My new goal is to think inside the box, which is increasingly hard these days. At the same time,because so many people are trying to think outside the box, I get a lot of time to myself. On top of that, I begin to suspect that those who have decided to think outside the box are simply in transition between boxes. They have only just arrived at their new box, and are still unpacking, living out of boxes. So to speak.
Then there are those who can’t find their box.
I wonder how it is possible for a species to be as gregarious as we are, and yet have so many individuals who have no idea that their latest triumph of individuality is actually a sterling display of classic herd behavior. This is why people get outlaw tattoos, and their behavior is about as outlaw as buying all the corporate logoed apparel that Harley Davidson has, and then driving their bike to Sturgis for that great motorcycle rally.
One day the shepherd said, “Think outside the box!” and picked up one sheep and threw him into the side of the barn, whereupon the rest of the flock charged into the side of the barn themselves.
Note to sensitive readers: I am not approving of the behavior of this calloused shepherd. Indeed, such behavior has my severest disapprobation.
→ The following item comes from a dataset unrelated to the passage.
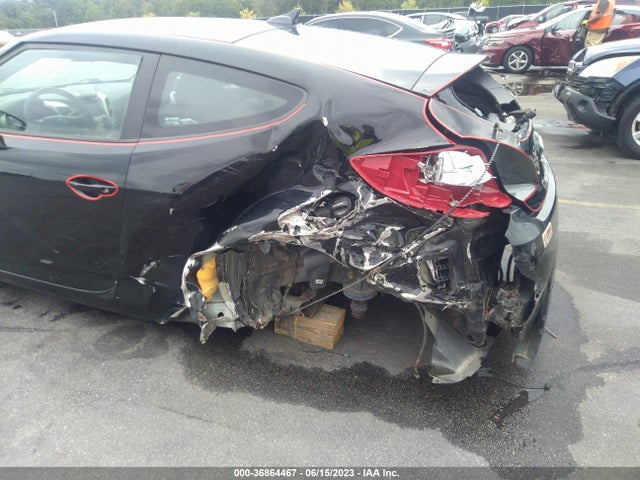 Hyundai Veloster 2015 KMHTC6AD1FU236646 Image 6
Still, one may take away the lesson without, one hopes, any moral compromise.
The same kind of thing can be said about developing and maintaining your “brand.” Doing such a thing can be entirely innocent (as well as being the opposite of innocent in a calculating, bottom-feeding sort of way). But my interest here is to make larger point that there is a counterproductive element in play. If we suppose that a book on “developing your brand,” defined as defining yourself against all the background noise, can make the NYT best sillier list for a couple years, what then? What happens when every single businessman in America is standing, as instructed, out from the crowd? Right. We find there is a crowd of them doing that, all together, saying things like “Think outside the box, people.”
The message of the hypothetical book is that you should not be doing what everyone else is doing. The problem is that what everybody else is doing is buying the book.
This is a topic that is worthy of further discussion because it is of the highest relevance to preachers and their ministries. In the meantime, I will seek to stay unbranded. For is that not my brand?